The Garuda Emblem
We have seen the Garuda emblem on Thai official letters, on buildings or on the flag. Many people may wonder why Garuda? Some may know Garuda as a divine animal or have seen it in a movie or on literature but may not know the details of why it is so important and even why it became an emblem of the government’s document and also other documents. So, how is it related to Thailand?
Garuda has appeared on many significant pieces of literature such as the Great Epics, Mahabharata which is literature and scriptures of Brahmin – Hinduism. There is also another Puranas scripture called “Garuda Purana” which is one of the scriptures of the people who believe in Hinduism and it is a story that has been passed from generation to generation. These pieces of literature and beliefs also have passed to Thailand and influenced Thai culture since ancient times.
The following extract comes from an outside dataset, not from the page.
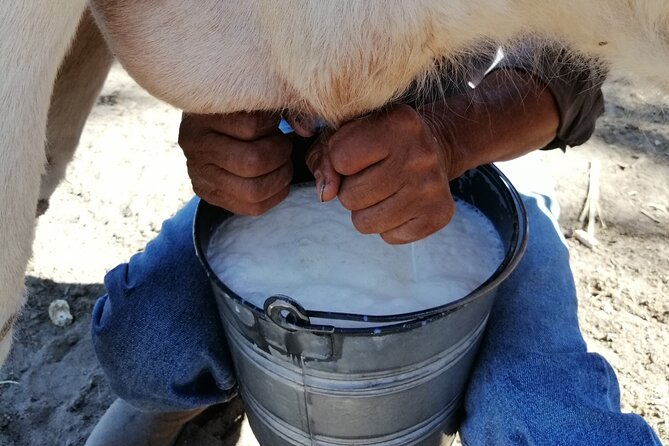 Half Day Excursion - Horseback Riding Adventure in SMA - Price and What $196.71 Buys You in Real Value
According to literature, Garuda was the son of Kashyapa (father) who had many wives including Vinata and Kadru (they are biological sisters). Vinata gave birth to two eggs, she waited for 500 years and the two eggs still had not hatched. Through curiosity and impatience to see her children, she could not wait anymore, so she broke one of them. It appeared that the child had only an upper body. He was named Aruna. He was very angry with his mother who caused him to have an abnormal body and broke his egg before its timing. So, he cursed his mother to be a slave of Kadru and the second born child would be the one who could release her from slavery. As a result, Vinata did not dare to break the egg. She waited for 1,000 years until Garuda was born. Garuda was born with power and might. Later on, Vinata and Kadru bet on the colour of the horse of the god Surya. Vinata bet it would be white and Kadru bet that it would be black. The loser of this bet would be a slave of the winner for 500 years. Vinata lost the bet because of Kadru’s trick by exploiting her child ‘Nagas’ to turn the horse into black. As a result, Vinata had to serve Kadru for another 500 years. When Garuda found out about it; he wanted to kill Nagas but he could not because Nagas made a condition that in order to break the curse on Vinata, Garuda had to bring the elixir of immortality (water of life) and offer it to Nagas. Therefore, Garuda flew to heaven where the water was kept near the moon. However, Garuda did not just take the water, he also stole the moon and hid it under his wings. On his way back, Hindu gods followed him to take the moon back and they began a battle. God Vishnu also named Naraya, flew to stop Garuda as well and joined the battle. The fight seemed endless and without a hint of a victory for either side. Finally, they made an agreement to end the battle provided that Vishnu blessed Garuda to be immortal and Garuda promised that he would be Vishnu’s vehicle and be a flag on the chariot of Vishnu.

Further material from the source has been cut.